YOUR ASSIGNMENT:
From the listing below, set down exactly the lines between the one holding "テーブルの上のイースト生地。" and the one holding "Mechanical dial combination", inclusive. No other line is wanted.
[Start of section]
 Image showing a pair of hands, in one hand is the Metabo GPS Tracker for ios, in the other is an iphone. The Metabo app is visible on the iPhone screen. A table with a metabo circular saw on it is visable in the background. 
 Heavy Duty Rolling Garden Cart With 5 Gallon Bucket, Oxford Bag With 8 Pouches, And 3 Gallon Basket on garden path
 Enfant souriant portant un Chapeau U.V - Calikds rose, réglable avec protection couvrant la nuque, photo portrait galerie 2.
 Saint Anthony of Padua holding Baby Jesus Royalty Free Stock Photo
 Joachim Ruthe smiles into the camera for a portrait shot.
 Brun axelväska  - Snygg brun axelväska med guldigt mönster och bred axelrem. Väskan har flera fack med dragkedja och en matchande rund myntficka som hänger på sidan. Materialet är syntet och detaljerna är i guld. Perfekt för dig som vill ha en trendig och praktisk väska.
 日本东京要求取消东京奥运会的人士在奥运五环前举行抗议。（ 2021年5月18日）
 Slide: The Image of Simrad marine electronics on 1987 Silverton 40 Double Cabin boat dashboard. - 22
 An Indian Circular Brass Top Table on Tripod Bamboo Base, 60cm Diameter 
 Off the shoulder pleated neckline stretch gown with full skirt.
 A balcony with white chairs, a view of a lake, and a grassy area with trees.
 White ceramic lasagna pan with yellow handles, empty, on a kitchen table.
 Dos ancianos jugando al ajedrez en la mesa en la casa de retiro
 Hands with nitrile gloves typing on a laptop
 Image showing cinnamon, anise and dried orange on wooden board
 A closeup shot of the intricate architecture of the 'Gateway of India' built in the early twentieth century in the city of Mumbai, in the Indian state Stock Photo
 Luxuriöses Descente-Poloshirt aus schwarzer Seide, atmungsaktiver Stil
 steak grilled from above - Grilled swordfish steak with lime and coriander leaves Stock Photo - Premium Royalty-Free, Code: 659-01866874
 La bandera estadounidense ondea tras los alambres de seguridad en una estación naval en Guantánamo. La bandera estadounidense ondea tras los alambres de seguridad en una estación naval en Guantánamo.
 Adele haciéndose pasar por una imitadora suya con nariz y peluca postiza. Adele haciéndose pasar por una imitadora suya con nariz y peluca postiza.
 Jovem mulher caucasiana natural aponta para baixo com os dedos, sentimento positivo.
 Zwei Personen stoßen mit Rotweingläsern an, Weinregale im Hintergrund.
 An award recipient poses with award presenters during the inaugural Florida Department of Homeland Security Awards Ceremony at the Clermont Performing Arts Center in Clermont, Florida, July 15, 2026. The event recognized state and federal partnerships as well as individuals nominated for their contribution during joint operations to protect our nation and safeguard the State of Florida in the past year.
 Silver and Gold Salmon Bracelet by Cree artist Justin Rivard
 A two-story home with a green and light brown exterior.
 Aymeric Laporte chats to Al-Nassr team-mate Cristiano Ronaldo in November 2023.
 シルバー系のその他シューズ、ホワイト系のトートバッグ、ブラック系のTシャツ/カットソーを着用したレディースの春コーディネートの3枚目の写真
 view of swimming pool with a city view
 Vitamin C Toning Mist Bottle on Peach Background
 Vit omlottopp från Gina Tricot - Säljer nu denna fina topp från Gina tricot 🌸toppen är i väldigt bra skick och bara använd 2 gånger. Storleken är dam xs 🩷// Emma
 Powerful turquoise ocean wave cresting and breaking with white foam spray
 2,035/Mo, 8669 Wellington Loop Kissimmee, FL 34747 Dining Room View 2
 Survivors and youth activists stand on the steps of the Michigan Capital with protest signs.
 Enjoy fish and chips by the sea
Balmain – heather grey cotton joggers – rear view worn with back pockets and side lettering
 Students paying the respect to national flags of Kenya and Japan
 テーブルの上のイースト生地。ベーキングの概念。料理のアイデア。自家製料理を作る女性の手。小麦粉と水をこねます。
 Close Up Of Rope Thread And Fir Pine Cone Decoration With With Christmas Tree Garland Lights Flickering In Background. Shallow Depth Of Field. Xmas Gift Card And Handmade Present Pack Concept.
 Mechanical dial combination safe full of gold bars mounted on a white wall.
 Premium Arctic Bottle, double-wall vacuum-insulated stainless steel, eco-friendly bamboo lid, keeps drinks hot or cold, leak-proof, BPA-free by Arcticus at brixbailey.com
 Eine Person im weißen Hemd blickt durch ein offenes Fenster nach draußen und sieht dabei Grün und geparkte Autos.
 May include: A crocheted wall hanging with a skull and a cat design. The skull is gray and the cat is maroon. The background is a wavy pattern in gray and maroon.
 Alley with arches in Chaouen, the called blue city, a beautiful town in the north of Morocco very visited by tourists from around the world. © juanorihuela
[End of section]
SOLUTION FOR THIS EXERCISE:
 テーブルの上のイースト生地。ベーキングの概念。料理のアイデア。自家製料理を作る女性の手。小麦粉と水をこねます。
 Close Up Of Rope Thread And Fir Pine Cone Decoration With With Christmas Tree Garland Lights Flickering In Background. Shallow Depth Of Field. Xmas Gift Card And Handmade Present Pack Concept.
 Mechanical dial combination safe full of gold bars mounted on a white wall.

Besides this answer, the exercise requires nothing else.